David Seligman of Kirkland & Ellis LLP guided Trans World Airlines Inc. and United Air Lines Inc. to steady landings in each of their bankruptcies and has since provided winning restructuring counsel to a slew of big-name domestic and international clients, earning him a spot on Law360's list of five bankruptcy lawyers under 40 to watch.
Seligman, 39, who works in the firm's Chicago office representing debtor companies in large restructurings, has earned a "stellar" reputation in the bankruptcy community, according to James Sprayregen, a senior partner at the firm who has worked with Seligman for more than a decade.
"I'd say, universally, when people see that David's involved in a matter, they think it will be handled well," Sprayregen said.
In 2001 Seligman worked on TWA's third bankruptcy and helped cinch a deal to sell the troubled airline's assets to American Airlines Inc. parent company AMR Corp.
"That was exciting because it happened very quickly," Seligman said. "When we filed the case, TWA was days away from running out of money and having to shut down."
To succeed with the deal, Seligman and his colleagues had to triumph over a barrage of protests from industry competitors and investors who "would be better served if TWA just failed," Seligman said.
"There were a lot of intellectual issues, but the most satisfying fact was that we were able to keep that thing together and get TWA sold to American, despite a lot of objections," Seligman said.
Seligman dove into the world of airline bankruptcies again when he worked as one of Kirkland's lead attorneys on the United restructuring process, which Seligman said began more than a year before the company actually filed for Chapter 11 protection in December 2002.
After counseling United on a slew of complex reorganization issues — including its legacy liabilities, aircraft financings, and relations with unions, retirees and governmental agencies — Seligman helped the airline to emerge from bankruptcy in 2006.
Those back-to-back airline cases informed each other, Seligman said, and even offered him the chance to help shape the way the law could be applied to his future work.
"In a lot of these large restructurings, because they're vested company types of issues, we'll litigate and make new law on a lot of issues," Seligman said. "It's satisfying when you are a part of creating new law and using that legal result in the next case."
That domestic airline experience has paid off in Seligman's current work as the international restructuring counsel to Japan Airlines Corp. in its Chapter 15 proceeding, he said. In November, the Tokyo District Court approved a plan of rehabilitation that provides for the company to receive $4.26 billion in public funds and a $6.32 billion debt waiver from its major lenders.
JAL is one of a handful of international clients — including Canada's Mega Brands Inc. and Australia's Riviera Marine Int. Pty Ltd. — Seligman has represented that present special challenges to maintaining operations with minimal disruptions during the restructuring process, he said.
"The insolvency laws in the U.S. are very established and mature, but in other countries around the world they're less so, with not as much predictability and less emphasis on ability of company to restructure," Seligman said.

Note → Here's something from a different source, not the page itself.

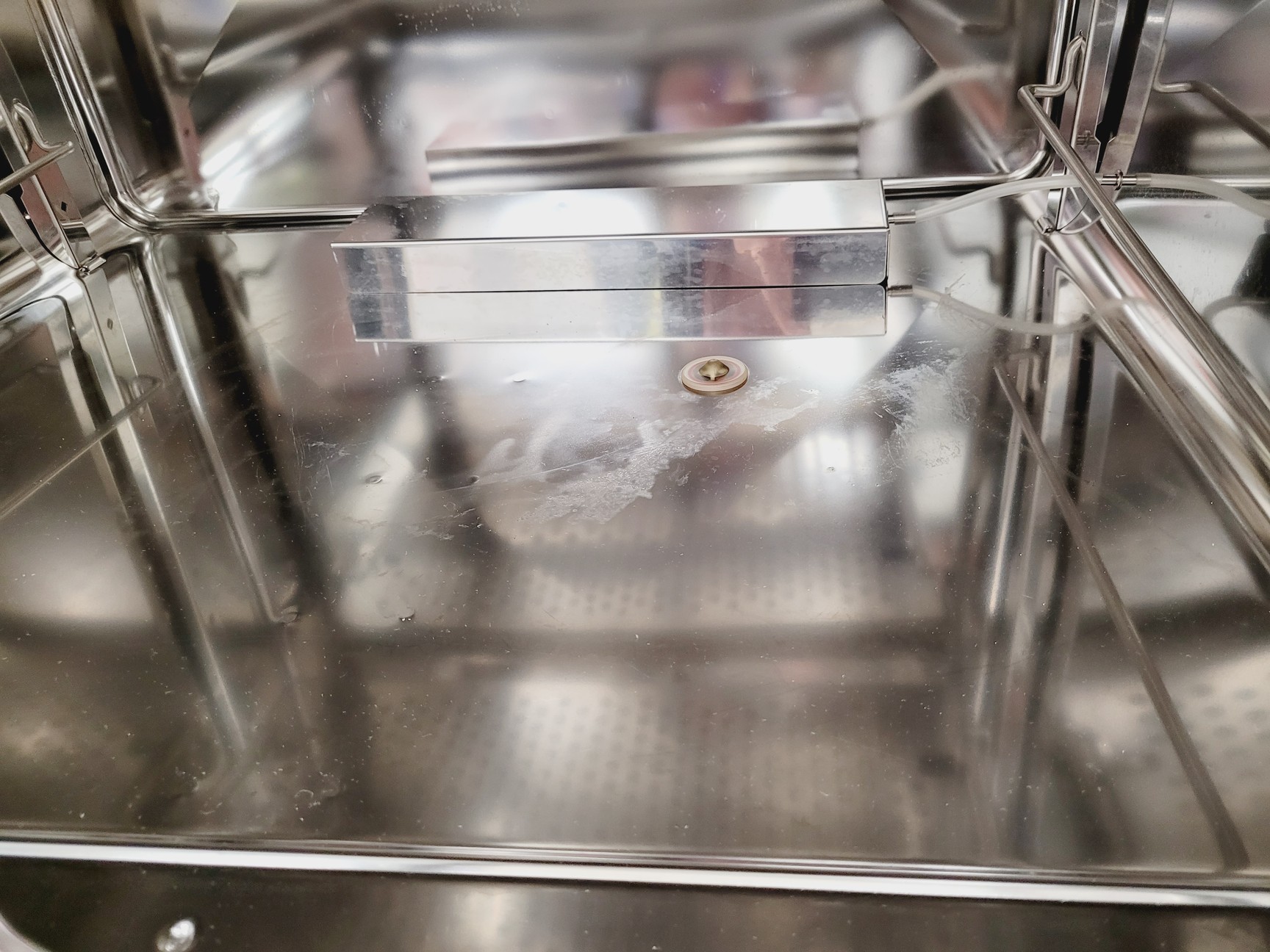 Image of Thermo Scientific HERAcell 240i CO2 Incubator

Seligman has a solid resume of work outside the airline industry as well.
In the energy world, he helped Calpine Corp. shed about $7.2 billion in debt during its two year bankruptcy, from which it emerged in 2008, and Seligman is now representing oil and gas company North American Petroleum Corp. USA in the Chapter 11 case it launched in May.
Seligman has worked with gaming industry players as well, representing Tropicana Entertainment LLC in the Chapter 11 proceeding it filed in 2008, and in the financial services world is currently one of the lead Kirkland attorneys representing Corus Bankshares Inc. in the bankruptcy it filed in June.
Beyond his impressive work for clients, Seligman has been a great mentor to more junior attorneys at Kirkland, Sprayregen said.
The rising star said he would advise young lawyers to build up expertise in their specific fields, maintain a ferocious work ethic and keep their solutions innovative.
"It's all the extra stuff that you do, as opposed to just writing briefs or sending e-mails,"
Seligman said. "It's about working with your client, being creative, thinking outside the box and understanding what it really takes to get something done beyond just sitting at your desk."
That drive for quality results is a trademark of Seligman's own work, Sprayregen said.
"David's got the complete package — smarts, judgment, practicality, work ethic,"
Sprayregen said. "He's a good guy and everybody gets along with him, and he knows how to get things done."